Vianello se encogió de hombros e, imitando a su jefe, se paró.
– Creo que es aquí -dijo Brunetti sacando el papel del bolsillo-. Da Prè -leyó en voz alta, mirando los nombres grabados en las dos hileras de placas de latón situadas a la izquierda de la puerta.
– ¿Quién es? -preguntó Vianello.
– Ludovico, heredero de la signorina Da Prè. Puede ser un primo, un hermano o un sobrino. Cualquiera.
– ¿Cuántos años tenía la difunta?
– Setenta y dos -respondió Brunetti, recordando las pulcras anotaciones de la lista de Maria Testa.
– ¿De qué murió?
– De un ataque al corazón.
– ¿Alguna sospecha de que esta persona -Vianello señaló la placa con el mentón- tuviera algo que ver?
– Le dejó el apartamento y más de quinientos millones de liras.
– ¿Quiere decir que es posible?
Brunetti, que no hacía mucho había sido informado de que la finca en la que vivían él y su familia necesitaba un tejado nuevo y que le tocaría pagar nueve millones de liras, dijo:
– Por poco bien que esté el apartamento, hasta yo mataría para conseguirlo.
Vianello, que no estaba enterado de lo del tejado, miró a su jefe con perplejidad.
Brunetti tocó el timbre. No ocurrió nada durante mucho rato, y volvió a oprimir el pulsador, esta vez, con más insistencia. Los dos hombres se miraron, y el comisario sacó la lista, para buscar la dirección siguiente. Cuando daba media vuelta hacia la izquierda para subir hacia Accademia, una voz chillona salió del altavoz situado encima de las placas.
– ¿Quién es?
La voz sólo transmitía el acento plañidero y asexuado de la vejez, y Brunetti, ignorando si la persona que había contestado era hombre o mujer, optó por preguntar:
– ¿Familia Da Prè?
– Sí. ¿Qué desea?
– Me llamo Brunetti. Existen ciertas dudas acerca de los bienes de la signorina Da Prè y necesitamos hablar con ustedes.
– ¿Quiénes son? ¿Quién los envía?
– Policía.
No hubo más preguntas, y la puerta se abrió, dando acceso a un patio amplio con un pozo en el centro, cubierto por una parra. La única escalera partía de una entrada situada a la izquierda. En el rellano del segundo piso había una puerta abierta y en ella estaba uno de los hombres más bajos que Brunetti había visto en su vida.
Aunque ni Vianello ni Brunetti destacaban por su estatura, sacaban casi dos palmos a aquel hombre que parecía empequeñecerse a medida que ellos se acercaban.
– ¿Signor Da Prè? -preguntó Brunetti.
– Sí -dijo el hombre, dando un paso adelante y tendiendo una mano no mayor que la de un niño. Gracias a que el diminuto personaje levantaba el brazo hasta la altura de su propio hombro, Brunetti no tuvo que agacharse para darle la mano. El apretón de Da Prè era firme, y la mirada que lanzó a los ojos de Brunetti, clara y directa. Tenía una cara muy estrecha y afilada. La edad, o quizá el sufrimiento, le habían marcado profundos surcos a cada lado de la boca y oscuras ojeras. Su tamaño hacía difícil calcularle la edad: tanto podía tener cincuenta años como setenta.
Al reparar en el uniforme de Vianello, el signor Da Prè no le dio la mano y se limitó a hacer un pequeño movimiento de cabeza en su dirección. Retrocedió hacia el interior y acabó de abrir la puerta, invitando a los dos hombres a entrar en el apartamento.

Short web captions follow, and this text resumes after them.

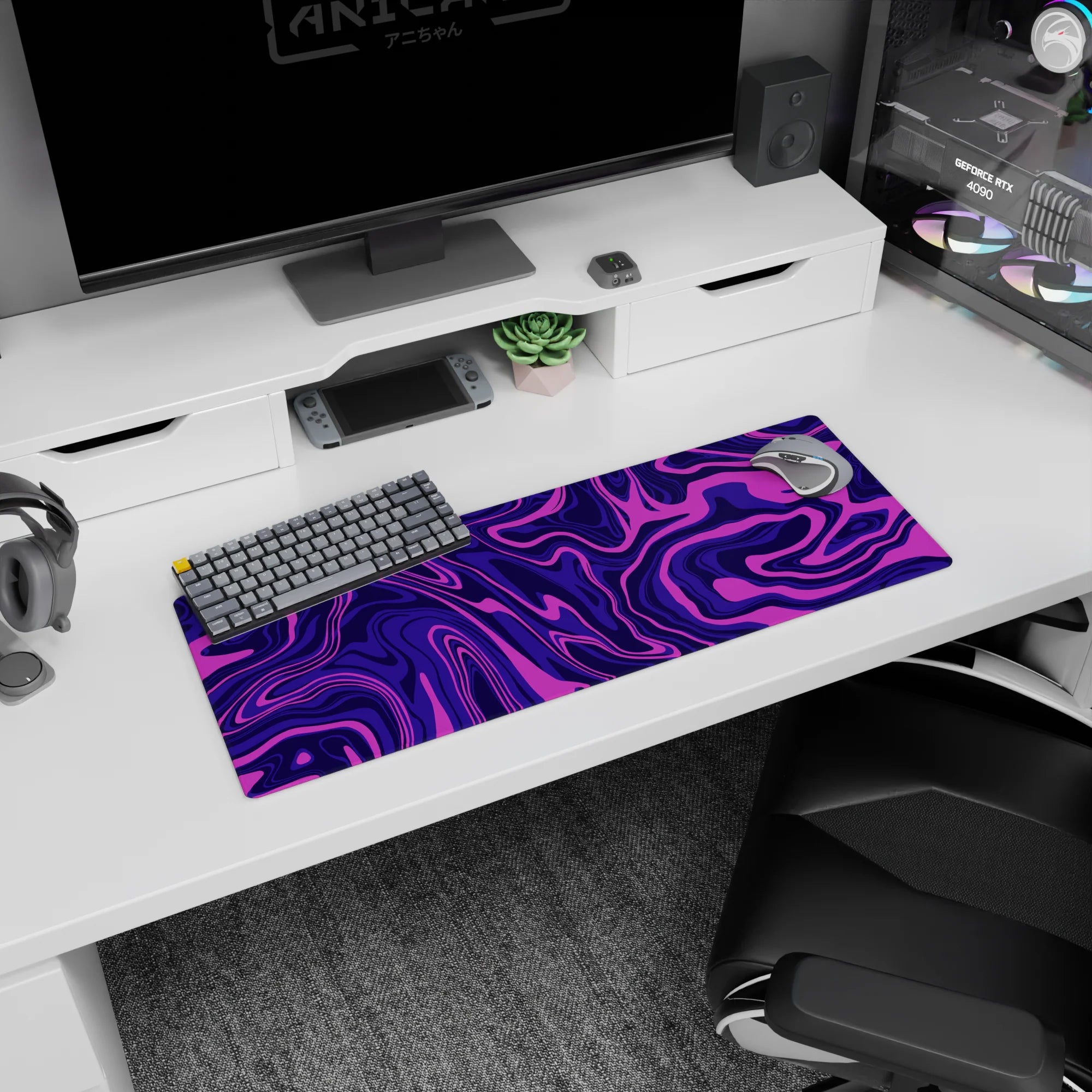 Liquid Abstract Deskmat | Mousepad | Deskpad - Purple Swirl Motion - AniChan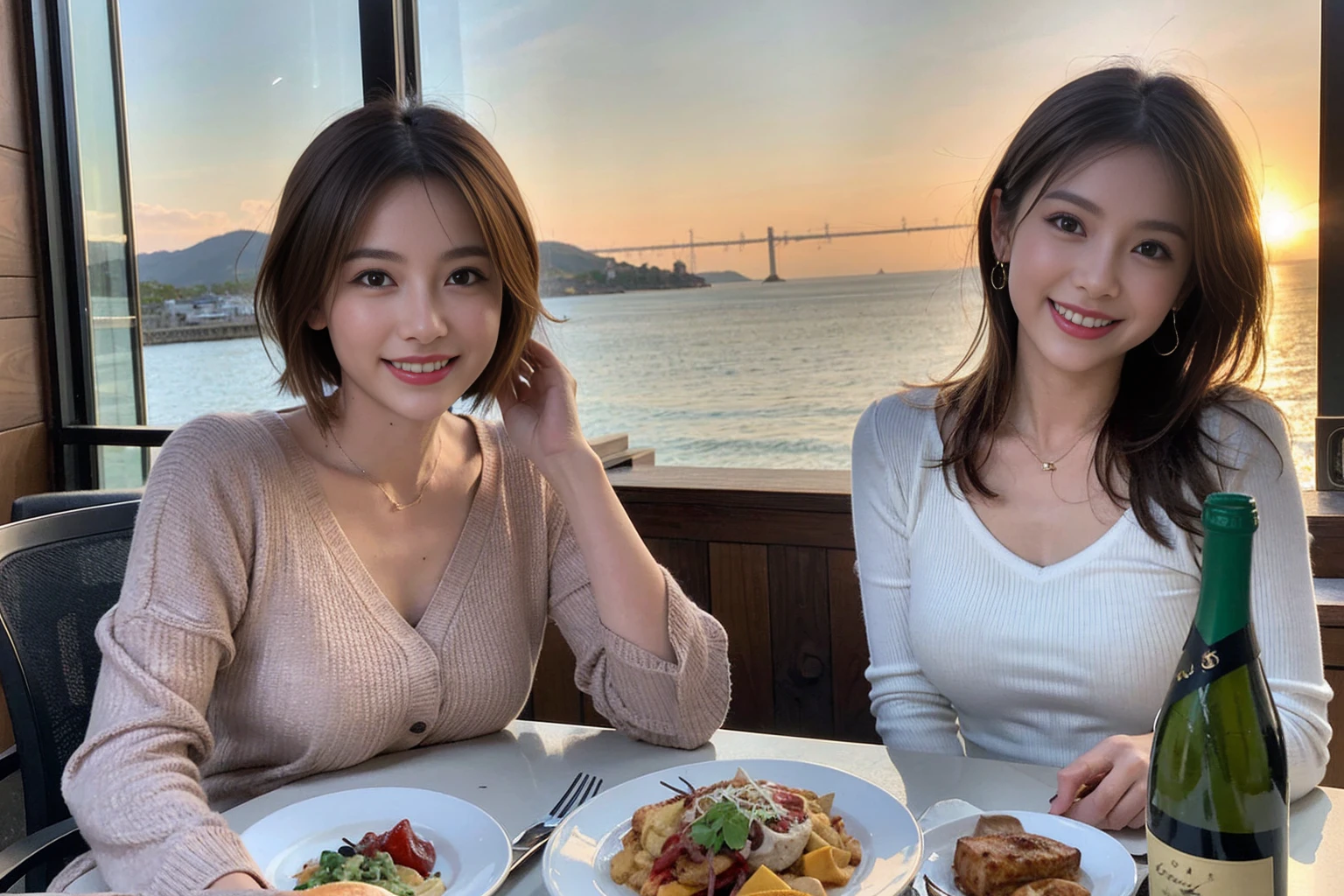 (Realistic:1.1),(masterpiece,Highest quality),8k,(45 years old), 42 years old, slimカップル、Model Couple、actress/actor、Tight waist,Upper Body,full-course dinner、wine 、Amazing view of the sunset sky and clouds、Perfect Anatomy, Brown Hair, short hair,Random Hairstyles,((Highly detailed face and eyes:1.2))(cute顔:1.4),美しいactressの顔,Perfect golden ratio face,Long sleeve shirt、dress,(smile:1.2)、Shortcuts、cute、(Realistic, Intricate details:1.2), A bright smile、short hair,Bright Face、赤wine 、Appetizers、Italian food、wine bottle、Champagne、スパークリングwine、(slimな顔), (The body is slim), (Brown Hair), (Shortcuts), Upper Body, 白wine, slim, wineグラス,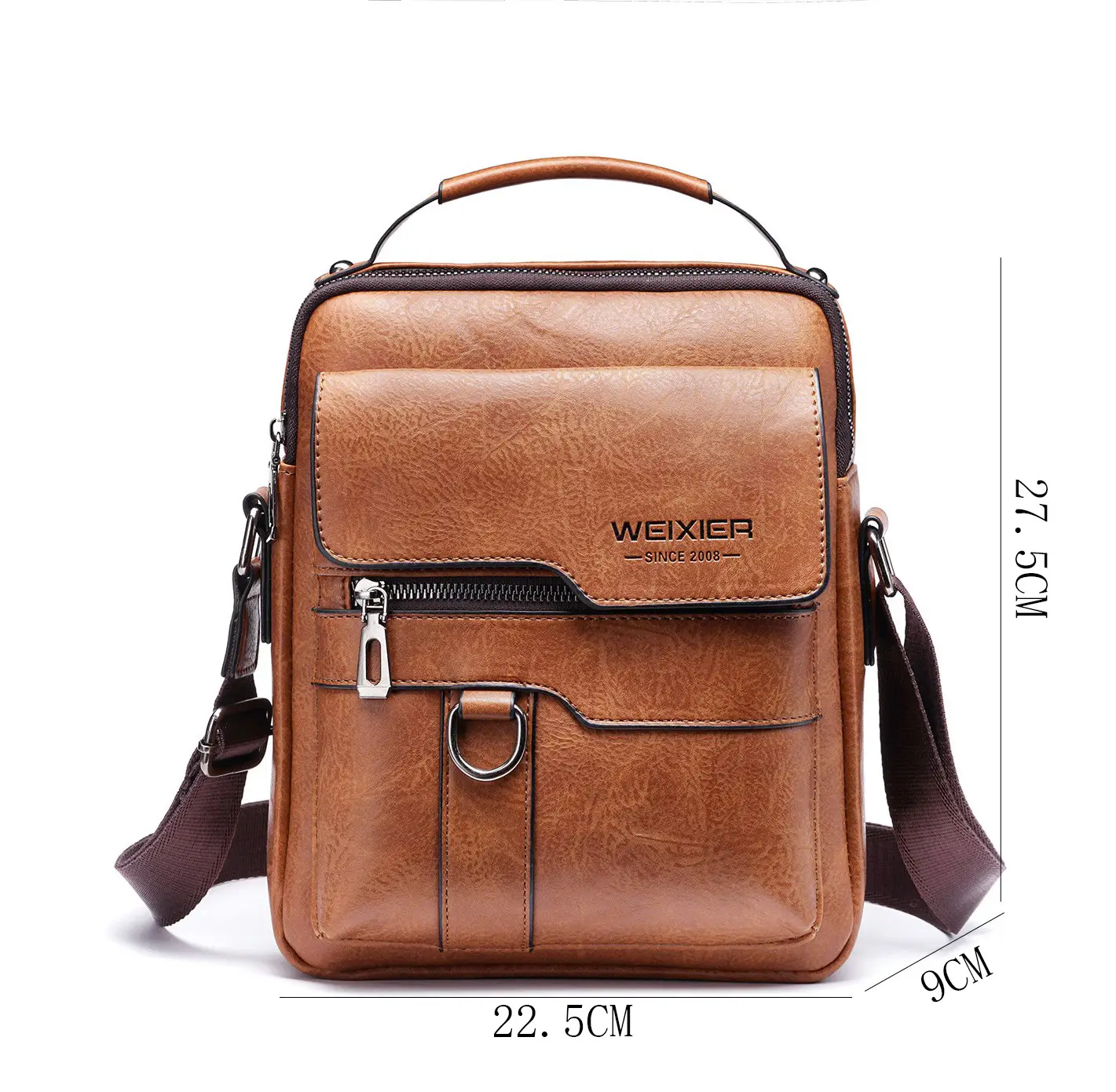 Men's Black Leather Crossbody Shoulder Bag Retro Business Style - Image 8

Musitando «Permesso», los dos policías lo siguieron al recibidor y esperaron mientras él cerraba la puerta.
– Por aquí, si me hacen el favor -dijo el hombre precediéndolos por el pasillo.

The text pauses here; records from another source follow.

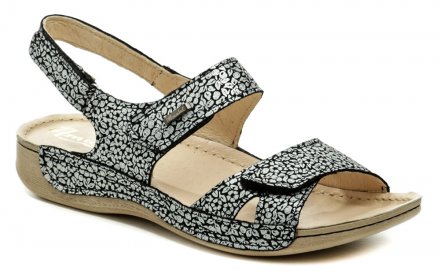 Dámska letná vychádzková obuv typu sandále s nastaviteľnými pásky pomocou suchého zipsu, vyrobená z pravej prírodnej kože.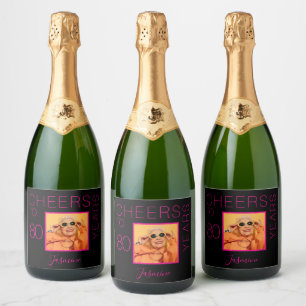 Étiquettes Pour Bouteilles De Vin Mousseux À 80 ans, félicitations Photo Élégant
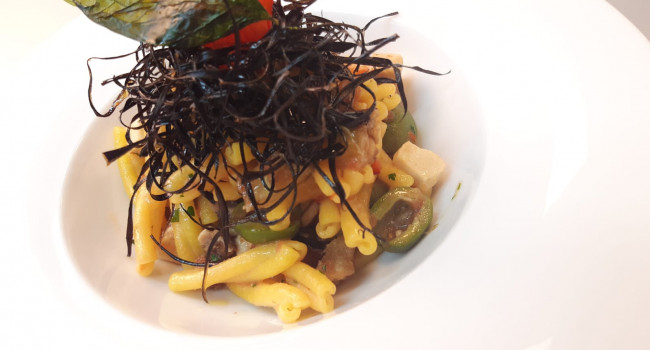 Casarecce pasta with swordfish, fried eggplant and castelvetrano olives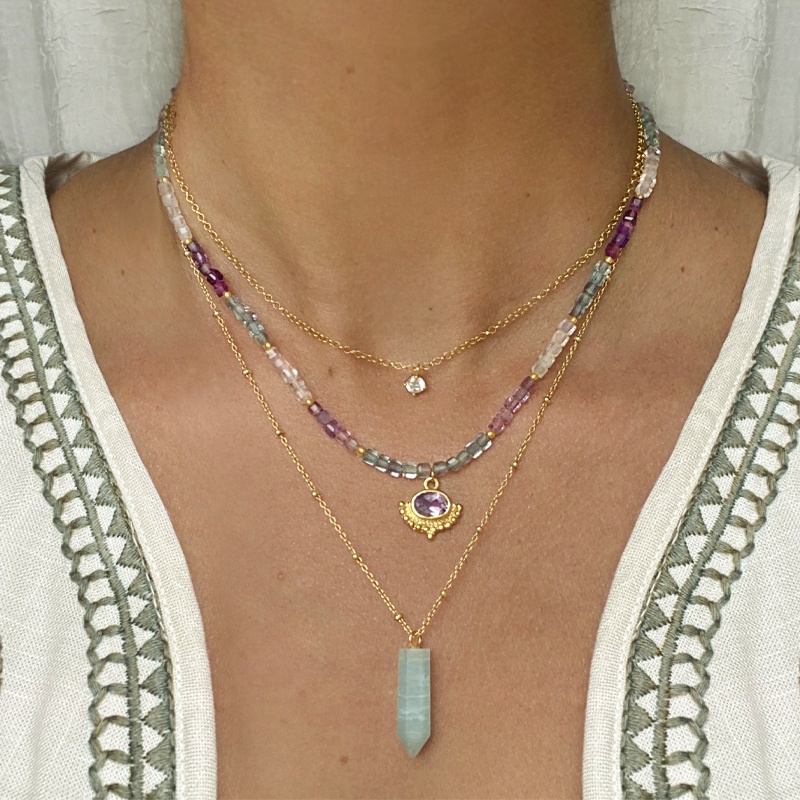 collar fluorita y amatista oro 2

Brunetti vio entonces la joroba que se le marcaba en el lado izquierdo de la espalda bajo la tela de la chaqueta, en forma de quilla de ave. Da Prè no cojeaba, pero al andar todo su cuerpo se vencía hacia la izquierda, como si la pared fuera un imán y él, un saco de virutas de hierro. Los llevó a un salón que tenía ventanas en dos lados. Por las de la izquierda se veían tejados; y por las otras, los postigos cerrados del edificio situado al otro lado de la estrecha calle.

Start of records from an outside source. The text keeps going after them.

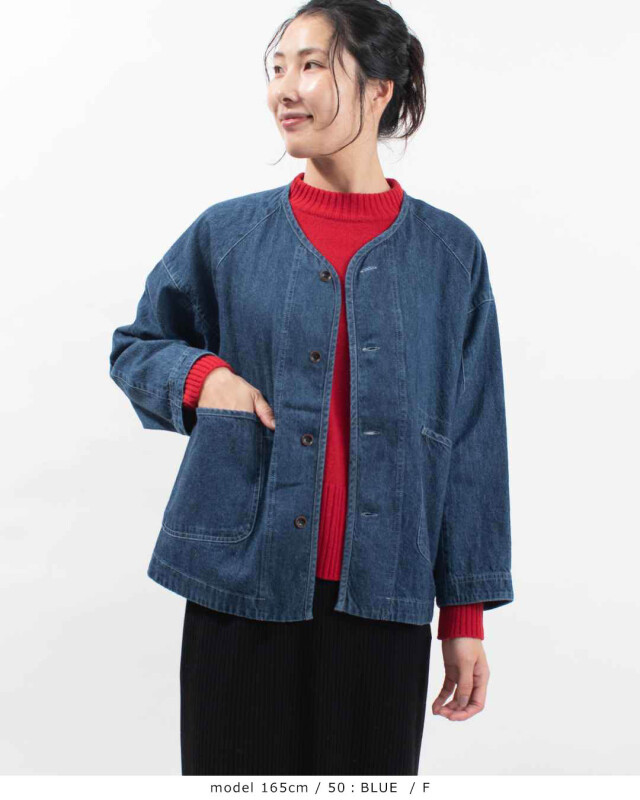 【 YARRA 】 リネンデニムジャケット 40%off YARRA LINEN100シングルデニムジャケット 54；インディゴ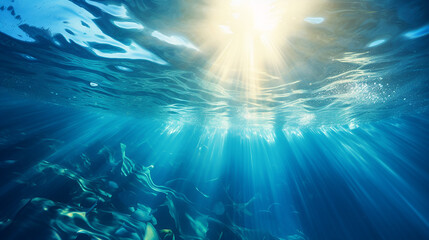 sunbeams under the rippled ocean water surface with sunlight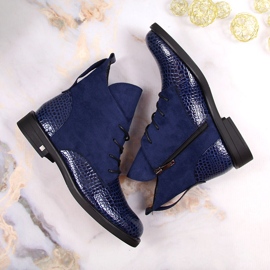 Botas de mujer con aislamiento de cocodrilo azul marino Potocki 3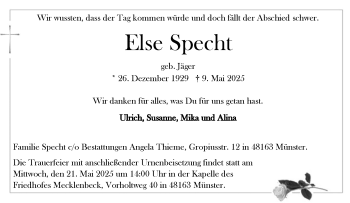 Anzeige von Else Specht 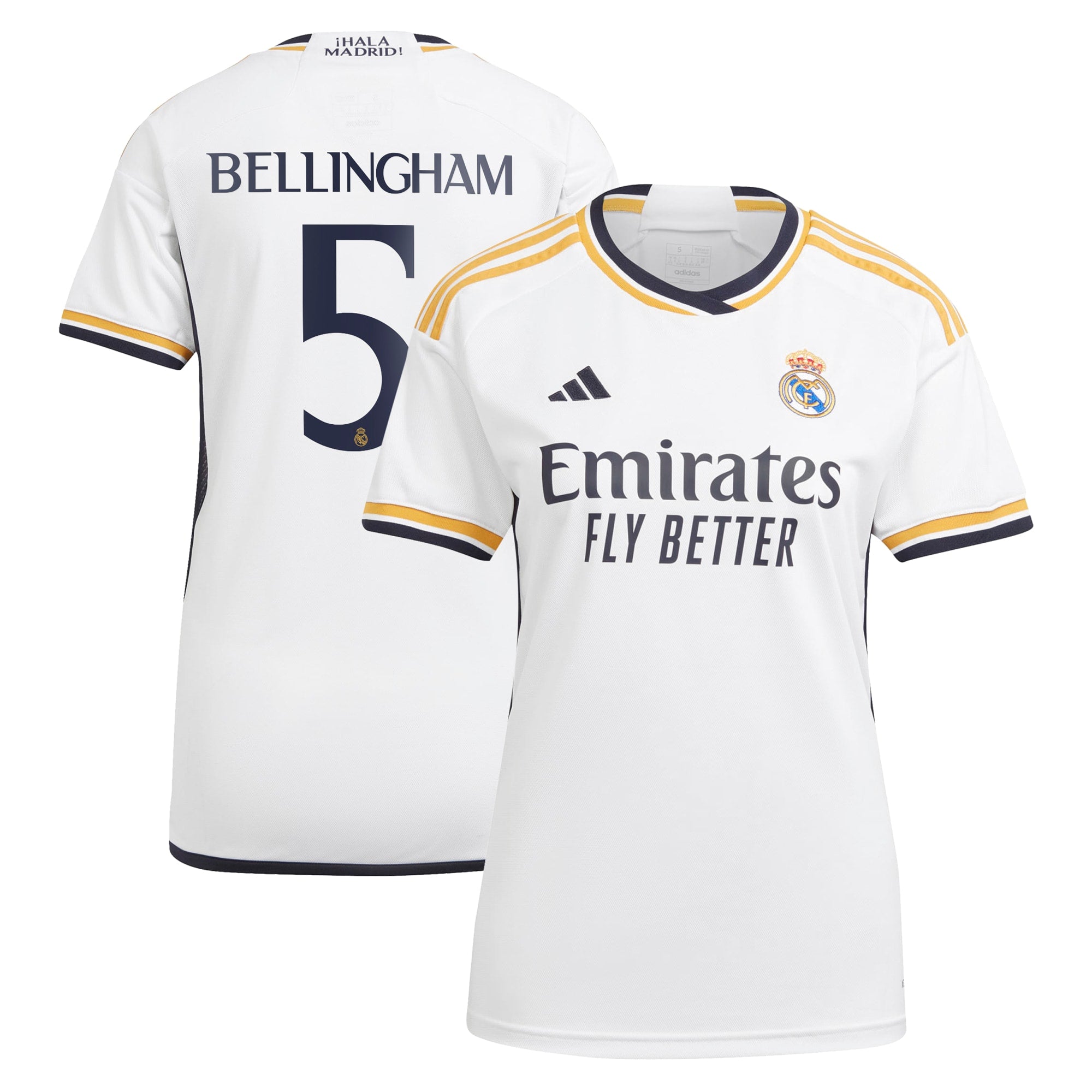 Jude Bellingham Los Merengues adidas Women's 2023/24 Away Replica Player Jersey - Navy/White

Todo el mobiliario del salón estaba hecho a la escala de los dos monumentales armarios que ocupaban enteramente la pared del fondo y consistía en un sofá de alto respaldo en el que cabían seis personas, cuatro sillones profusamente tallados que, a juzgar por el monumental trabajo de los brazos debían de ser españoles y un inmenso aparador florentino cubierto de infinidad de pequeños objetos que Brunetti apenas miró. Da Prè se encaramó a uno de los sillones e indicó otros dos a sus visitantes.